Right, I don't know if those websites have accurate sources for those figures and I would need a direct verifiable source for them to prove those figures.

> Some websites are now quoting 3 million by now, although I don't know how they came to that number, but if the 1M figure of Oct2022 is realistic (I believe it is), then 3M by now does feel reasonable too.

Given we both don't know about how they derived those figures I can only see this as a pure speculation and I'm afraid that I would have to unfortunately dismiss those guesses and estimations, unless they have verified sources. Even better if it is directly from Steam themselves.

Genuine questions don't come with preconceived conclusions in bad faith.

Your tone, the word actually and your final quip about them "being scared" says it all.

Question now is, what's your deal? Invested in a narrative where Steam Deck isn't a success?

Asking a question with another question without answering mine directly isn't a good way to start a conversation.

It's really a genuine question since it is true that Steam doesn't reveal their Steam Deck sales and figures on this, yet we are already assuming it is a 'success' without benchmarking their performance against the existing generation of gaming consoles.

Assuming you have the figures, do you know what they are and how it compares to the current generation of games consoles on the market?

Once again the current patent system is shown to dampen innovation rather than accelerate it. The fact this type of patent extortion for commonplace features is even possible shows how much the system needs to be improved.
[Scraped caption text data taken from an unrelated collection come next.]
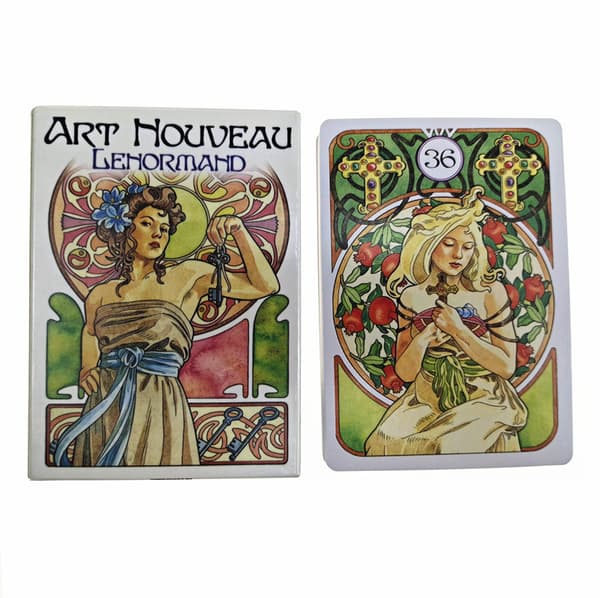 Art Nouveau Lenormand Oracle Divination Cards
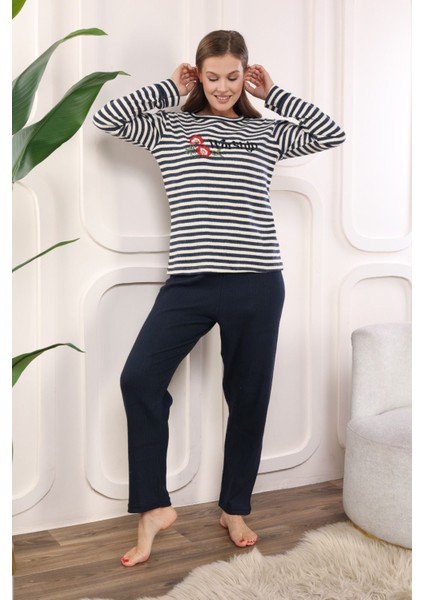 Almines Pijama Çizgili Pamuklı Kadın Pijama Takımı fiyatları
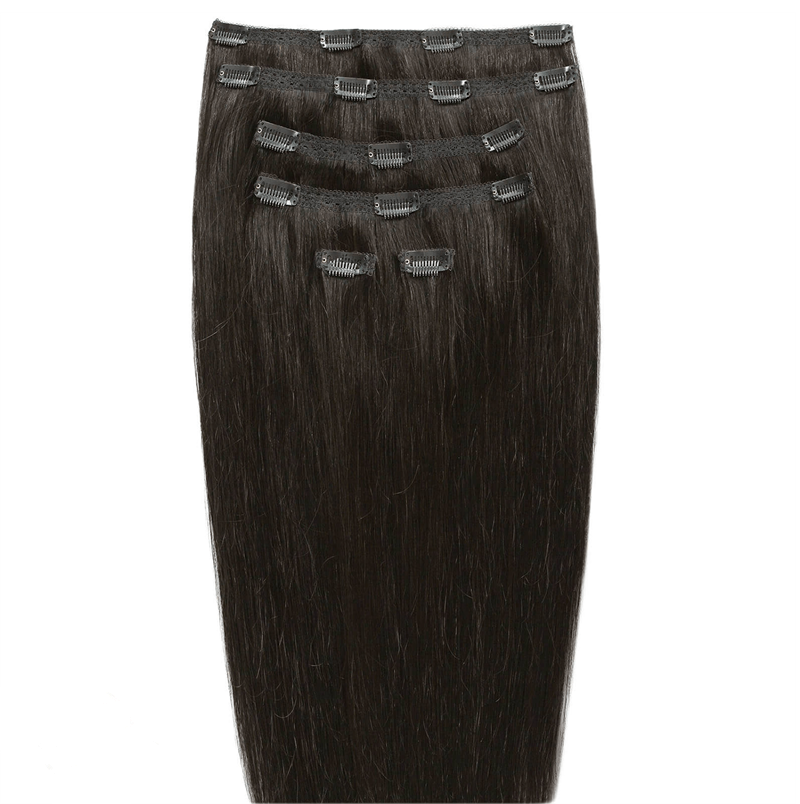 Gold24 Gold24 Przedłużenie włosów Clip-in #88A Szara - 60 cm Przedłużanie włosów 1 ct Czarny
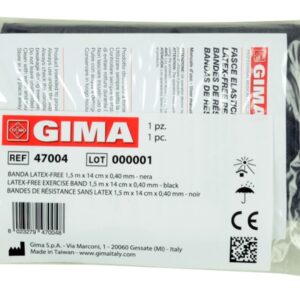 Banda Elastica per Fisioterapia Latex-Free 1,5 m x 14 cm x 0,40 mm Nera - 30 pez - 3
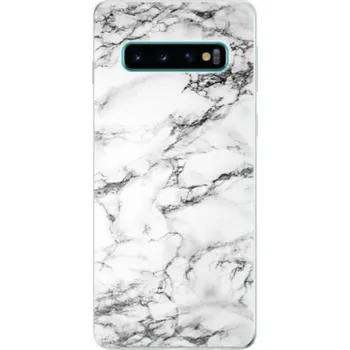 Pouzdro na mobilní telefon Odolné silikonové pouzdro iSaprio - White Marble 01 - Samsung Galaxy S10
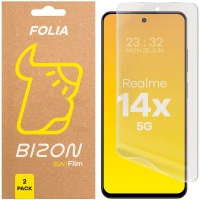 Folia matowa Bizon Glass Film Sun Duo do Realme 14x 5G, 2 sztuki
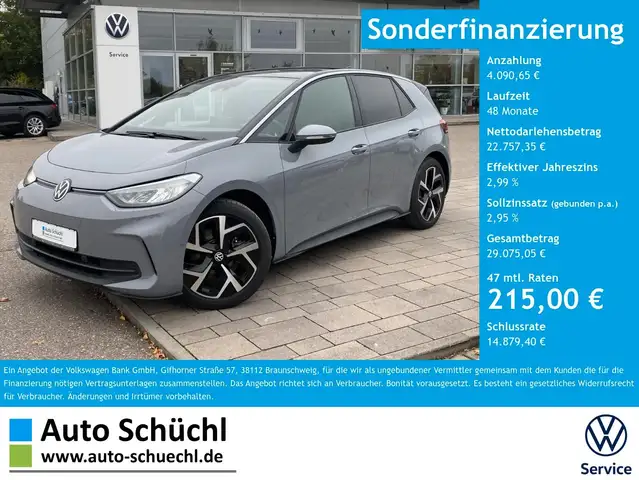 Volkswagen ID.3 Pro MOVE FACELIFT APP CONNECT+KAMERA+NAVI+C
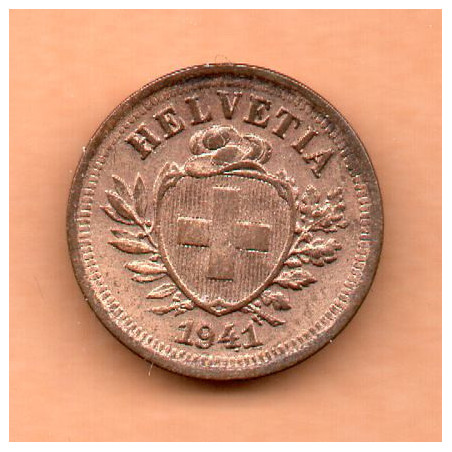 Suíça 1 Rappen 1941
Unless these patents will be invalidated, this company will be able to sue any other company for 27 whole years for "thing vibrates when you touch it", "thing vibrates based on what's on the screen", "thing vibrates when you touch if (but with an algorithm somewhere)", "thing vibrates when something happens", "thing vibrates when you move your finger", or "thing vibrates when you push".

This is legal extortion.

To add, one of the "infringed" patents here:

1. A computer-readable medium having instructions, the instructions including instructions that cause a processor to:

detect a first pressure on a first input device;

provide a first tactile sensation to the first input device, the first tactile sensation based at least in part on the first pressure;

[...][0]

In general any patent that doesn't help the reader recreate the invention should not be valid. They should be more like instruction manuals "describing the said invention or discovery, clearly, truly and fully,"[1] rather than a list of vague ideas.

[0]https://patents.google.com/patent/US7336260B2

[1]https://en.wikisource.org/wiki/United_States_Statutes_at_Lar...

I really hope Valve goes the Cloudflare route and fights these guys all the way to court and further. Patent trolls are despicable.
Hopefully valve having more money than god helps with this. Surely there's prior art about this.
Sony fought them hard on the earlier patents and lost twice before giving in. That has to be at least a little bit daunting.